# NHL to Launch Digital Net



## John Corn (Mar 21, 2002)

The National Hockey League will launch a digital network later this year on both U.S. cable and satellite systems as part of renewed carriage agreements for its 'NHL Center Ice' out-of-market package.

Both In Demand L.L.C. and DirecTV Inc. will distribute The NHL Channel, a joint venture between the league and Canadian-based telecommunications companies The Sports Network Inc. and Insight Sports.

While the network airs 24 hours a day in Canada, where it was launched earlier this year, it will run on a more limited basis in the United States, In Demand and DirecTV executives said.

Click Here For Full Story


----------



## Steve Mehs (Mar 21, 2002)

I heard about this channel when it first came out, I wish it wouldnt be included in CI, that way E* could add it.


----------



## Ryan (Apr 24, 2002)

I'm sure if E wanted it, the NHL wouldn't say "No, you can't have it." But I doubt E would want to add it.

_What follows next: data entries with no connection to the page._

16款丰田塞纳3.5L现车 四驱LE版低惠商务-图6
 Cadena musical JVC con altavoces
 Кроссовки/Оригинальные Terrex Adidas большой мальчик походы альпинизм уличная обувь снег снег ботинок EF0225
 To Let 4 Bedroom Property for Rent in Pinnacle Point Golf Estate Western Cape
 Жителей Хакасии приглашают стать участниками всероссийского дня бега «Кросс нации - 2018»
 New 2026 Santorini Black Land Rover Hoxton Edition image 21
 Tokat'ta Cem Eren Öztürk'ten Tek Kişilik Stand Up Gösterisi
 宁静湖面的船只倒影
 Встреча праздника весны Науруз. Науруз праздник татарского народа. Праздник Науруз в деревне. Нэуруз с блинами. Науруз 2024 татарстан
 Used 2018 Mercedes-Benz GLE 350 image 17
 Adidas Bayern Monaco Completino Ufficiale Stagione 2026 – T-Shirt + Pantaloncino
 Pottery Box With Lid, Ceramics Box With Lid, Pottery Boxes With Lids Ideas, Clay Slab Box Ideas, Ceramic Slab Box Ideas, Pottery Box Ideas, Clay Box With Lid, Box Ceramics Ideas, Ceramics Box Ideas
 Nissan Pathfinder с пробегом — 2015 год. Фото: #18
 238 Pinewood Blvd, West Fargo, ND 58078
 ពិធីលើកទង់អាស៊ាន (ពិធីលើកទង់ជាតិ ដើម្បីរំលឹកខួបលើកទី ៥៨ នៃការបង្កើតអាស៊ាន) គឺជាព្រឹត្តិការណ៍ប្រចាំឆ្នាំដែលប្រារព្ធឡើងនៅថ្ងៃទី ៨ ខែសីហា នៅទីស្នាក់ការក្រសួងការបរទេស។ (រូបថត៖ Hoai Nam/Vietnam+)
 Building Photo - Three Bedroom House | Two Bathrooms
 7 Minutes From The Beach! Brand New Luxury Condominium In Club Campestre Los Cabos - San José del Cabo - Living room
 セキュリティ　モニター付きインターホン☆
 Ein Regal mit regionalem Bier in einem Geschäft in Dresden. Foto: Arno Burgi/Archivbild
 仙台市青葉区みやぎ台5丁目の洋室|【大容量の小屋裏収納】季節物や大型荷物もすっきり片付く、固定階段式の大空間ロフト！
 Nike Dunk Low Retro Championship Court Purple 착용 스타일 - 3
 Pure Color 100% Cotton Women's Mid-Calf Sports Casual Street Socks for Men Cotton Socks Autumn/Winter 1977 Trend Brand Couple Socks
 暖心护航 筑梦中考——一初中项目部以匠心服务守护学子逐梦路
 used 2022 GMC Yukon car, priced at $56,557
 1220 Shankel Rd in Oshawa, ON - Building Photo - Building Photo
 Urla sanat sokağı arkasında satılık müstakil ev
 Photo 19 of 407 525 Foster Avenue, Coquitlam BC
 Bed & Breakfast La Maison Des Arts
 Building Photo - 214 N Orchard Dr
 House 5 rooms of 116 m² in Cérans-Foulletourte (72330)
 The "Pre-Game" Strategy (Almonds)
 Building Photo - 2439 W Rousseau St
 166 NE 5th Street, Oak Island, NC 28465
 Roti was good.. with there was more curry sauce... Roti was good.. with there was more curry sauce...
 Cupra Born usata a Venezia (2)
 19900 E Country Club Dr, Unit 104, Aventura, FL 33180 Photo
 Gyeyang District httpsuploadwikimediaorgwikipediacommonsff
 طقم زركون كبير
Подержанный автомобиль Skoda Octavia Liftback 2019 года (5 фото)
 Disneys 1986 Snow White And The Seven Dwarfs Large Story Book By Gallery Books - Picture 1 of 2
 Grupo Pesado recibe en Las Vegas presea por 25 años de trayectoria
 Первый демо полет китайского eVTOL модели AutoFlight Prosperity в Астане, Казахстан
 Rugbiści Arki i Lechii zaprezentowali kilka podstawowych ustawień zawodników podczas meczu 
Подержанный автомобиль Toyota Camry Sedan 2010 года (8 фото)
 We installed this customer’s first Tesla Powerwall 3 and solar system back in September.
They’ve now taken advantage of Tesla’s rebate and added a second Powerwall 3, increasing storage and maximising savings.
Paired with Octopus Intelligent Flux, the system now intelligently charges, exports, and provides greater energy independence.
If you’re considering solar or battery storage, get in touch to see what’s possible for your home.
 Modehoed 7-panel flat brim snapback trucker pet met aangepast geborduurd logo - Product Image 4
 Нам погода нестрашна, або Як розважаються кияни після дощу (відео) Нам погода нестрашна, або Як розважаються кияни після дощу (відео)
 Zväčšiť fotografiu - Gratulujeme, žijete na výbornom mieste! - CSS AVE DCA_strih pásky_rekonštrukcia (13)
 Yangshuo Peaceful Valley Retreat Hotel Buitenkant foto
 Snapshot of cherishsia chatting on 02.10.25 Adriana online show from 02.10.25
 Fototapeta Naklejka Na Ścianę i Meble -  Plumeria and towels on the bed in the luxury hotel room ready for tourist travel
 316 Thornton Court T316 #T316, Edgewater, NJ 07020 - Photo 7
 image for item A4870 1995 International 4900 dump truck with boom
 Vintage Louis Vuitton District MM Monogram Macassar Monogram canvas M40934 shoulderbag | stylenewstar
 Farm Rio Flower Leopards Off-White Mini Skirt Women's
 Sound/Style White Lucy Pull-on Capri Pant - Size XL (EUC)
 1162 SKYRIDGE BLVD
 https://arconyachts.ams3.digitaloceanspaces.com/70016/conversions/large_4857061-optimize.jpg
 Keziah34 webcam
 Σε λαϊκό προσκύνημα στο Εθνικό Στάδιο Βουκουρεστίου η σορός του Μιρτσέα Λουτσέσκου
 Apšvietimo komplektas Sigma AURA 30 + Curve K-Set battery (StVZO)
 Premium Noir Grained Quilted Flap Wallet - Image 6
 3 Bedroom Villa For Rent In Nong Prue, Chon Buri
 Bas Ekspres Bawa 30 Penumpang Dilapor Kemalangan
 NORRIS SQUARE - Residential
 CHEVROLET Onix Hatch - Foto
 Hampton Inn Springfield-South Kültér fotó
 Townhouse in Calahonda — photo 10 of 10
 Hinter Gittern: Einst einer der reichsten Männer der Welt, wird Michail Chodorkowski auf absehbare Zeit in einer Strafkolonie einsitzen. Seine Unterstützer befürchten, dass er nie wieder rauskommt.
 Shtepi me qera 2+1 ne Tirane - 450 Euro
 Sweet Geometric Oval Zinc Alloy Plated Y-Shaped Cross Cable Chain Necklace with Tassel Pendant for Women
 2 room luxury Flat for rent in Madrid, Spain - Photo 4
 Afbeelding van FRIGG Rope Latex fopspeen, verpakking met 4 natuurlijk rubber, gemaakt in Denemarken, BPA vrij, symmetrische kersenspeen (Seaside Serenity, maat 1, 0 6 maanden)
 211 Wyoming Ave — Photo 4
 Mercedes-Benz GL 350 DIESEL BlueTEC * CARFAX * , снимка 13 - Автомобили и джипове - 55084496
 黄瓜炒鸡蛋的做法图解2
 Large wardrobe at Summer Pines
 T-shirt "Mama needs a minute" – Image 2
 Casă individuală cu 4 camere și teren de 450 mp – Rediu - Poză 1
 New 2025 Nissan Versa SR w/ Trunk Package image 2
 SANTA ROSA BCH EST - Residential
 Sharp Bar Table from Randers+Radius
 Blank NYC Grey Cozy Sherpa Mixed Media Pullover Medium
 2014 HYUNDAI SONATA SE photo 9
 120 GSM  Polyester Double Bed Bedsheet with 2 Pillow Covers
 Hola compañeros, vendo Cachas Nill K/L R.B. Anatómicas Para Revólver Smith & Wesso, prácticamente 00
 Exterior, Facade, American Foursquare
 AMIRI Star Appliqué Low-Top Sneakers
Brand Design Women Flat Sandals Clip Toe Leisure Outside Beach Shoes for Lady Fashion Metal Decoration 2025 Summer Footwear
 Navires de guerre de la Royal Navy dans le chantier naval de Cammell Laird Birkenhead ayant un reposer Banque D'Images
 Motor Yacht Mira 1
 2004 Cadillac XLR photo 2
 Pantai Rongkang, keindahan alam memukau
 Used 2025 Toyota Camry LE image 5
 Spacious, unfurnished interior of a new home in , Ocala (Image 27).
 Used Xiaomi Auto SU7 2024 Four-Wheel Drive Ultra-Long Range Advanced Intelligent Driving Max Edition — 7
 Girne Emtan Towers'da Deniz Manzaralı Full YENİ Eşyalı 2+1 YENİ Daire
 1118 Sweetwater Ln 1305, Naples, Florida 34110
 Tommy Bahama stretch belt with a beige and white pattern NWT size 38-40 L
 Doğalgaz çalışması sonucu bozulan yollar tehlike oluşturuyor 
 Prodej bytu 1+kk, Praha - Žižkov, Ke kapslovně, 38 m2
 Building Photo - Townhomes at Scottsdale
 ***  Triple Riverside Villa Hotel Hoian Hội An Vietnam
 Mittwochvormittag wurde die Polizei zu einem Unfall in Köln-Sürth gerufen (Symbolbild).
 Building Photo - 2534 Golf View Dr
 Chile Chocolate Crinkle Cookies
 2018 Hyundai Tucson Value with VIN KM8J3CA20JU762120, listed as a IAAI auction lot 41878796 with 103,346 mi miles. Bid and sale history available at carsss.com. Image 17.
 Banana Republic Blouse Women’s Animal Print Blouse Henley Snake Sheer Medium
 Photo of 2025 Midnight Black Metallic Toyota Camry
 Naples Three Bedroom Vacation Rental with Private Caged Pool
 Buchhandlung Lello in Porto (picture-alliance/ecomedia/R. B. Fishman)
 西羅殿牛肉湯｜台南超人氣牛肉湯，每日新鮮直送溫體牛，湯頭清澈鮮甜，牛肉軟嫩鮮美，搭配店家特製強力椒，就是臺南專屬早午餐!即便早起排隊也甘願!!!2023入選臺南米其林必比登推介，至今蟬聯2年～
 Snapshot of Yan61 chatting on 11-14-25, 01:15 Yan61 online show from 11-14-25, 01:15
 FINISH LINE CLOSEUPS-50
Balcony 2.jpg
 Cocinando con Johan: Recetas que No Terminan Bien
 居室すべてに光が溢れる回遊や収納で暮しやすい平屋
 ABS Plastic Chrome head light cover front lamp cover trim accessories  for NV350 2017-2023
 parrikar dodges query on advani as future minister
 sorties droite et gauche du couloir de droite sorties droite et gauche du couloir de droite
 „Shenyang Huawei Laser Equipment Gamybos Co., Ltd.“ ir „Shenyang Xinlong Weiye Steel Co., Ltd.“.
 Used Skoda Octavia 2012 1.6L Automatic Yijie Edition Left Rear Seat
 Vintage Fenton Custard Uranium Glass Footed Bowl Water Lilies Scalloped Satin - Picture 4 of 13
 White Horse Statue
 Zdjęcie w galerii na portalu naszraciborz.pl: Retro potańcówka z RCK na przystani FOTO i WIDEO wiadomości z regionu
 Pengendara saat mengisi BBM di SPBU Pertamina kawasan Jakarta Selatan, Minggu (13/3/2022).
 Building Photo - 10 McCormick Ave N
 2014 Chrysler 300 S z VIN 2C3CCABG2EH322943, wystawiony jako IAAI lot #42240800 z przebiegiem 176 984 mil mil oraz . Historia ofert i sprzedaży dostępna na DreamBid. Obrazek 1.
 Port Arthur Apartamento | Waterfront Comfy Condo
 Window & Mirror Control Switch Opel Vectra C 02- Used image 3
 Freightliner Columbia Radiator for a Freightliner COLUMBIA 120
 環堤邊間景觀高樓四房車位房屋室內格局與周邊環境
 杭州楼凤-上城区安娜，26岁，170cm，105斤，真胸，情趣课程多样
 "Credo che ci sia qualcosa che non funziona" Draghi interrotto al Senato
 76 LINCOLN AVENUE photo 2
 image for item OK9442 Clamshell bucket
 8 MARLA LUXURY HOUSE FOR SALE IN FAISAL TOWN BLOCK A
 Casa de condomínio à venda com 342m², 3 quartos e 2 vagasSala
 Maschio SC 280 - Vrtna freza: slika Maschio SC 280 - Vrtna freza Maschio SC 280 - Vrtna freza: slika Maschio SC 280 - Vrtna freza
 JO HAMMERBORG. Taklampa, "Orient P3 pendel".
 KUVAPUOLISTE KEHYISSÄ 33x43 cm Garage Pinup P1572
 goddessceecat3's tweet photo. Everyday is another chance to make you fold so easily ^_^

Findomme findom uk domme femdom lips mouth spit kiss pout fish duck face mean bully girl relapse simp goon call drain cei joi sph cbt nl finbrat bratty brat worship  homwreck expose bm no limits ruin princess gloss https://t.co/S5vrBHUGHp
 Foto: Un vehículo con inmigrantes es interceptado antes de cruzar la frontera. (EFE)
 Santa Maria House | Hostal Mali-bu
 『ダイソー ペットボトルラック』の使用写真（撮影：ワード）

I read somewhere that it will be on DirecTV for both Center Ice subs and Sports Pack subs, like the NBA.com channel.


----------



## Tanic (Apr 23, 2002)

> _Originally posted by Steve Mehs _
> *I heard about this channel when it first came out, I wish it wouldnt be included in CI, that way E* could add it. *


The NHL Network on Bell Express Vu is part of the More Sports Package. It is completely separate from NHL Centre Ice. They also sell it as an a-la-carte channel for about 2 bucks a month (US).


----------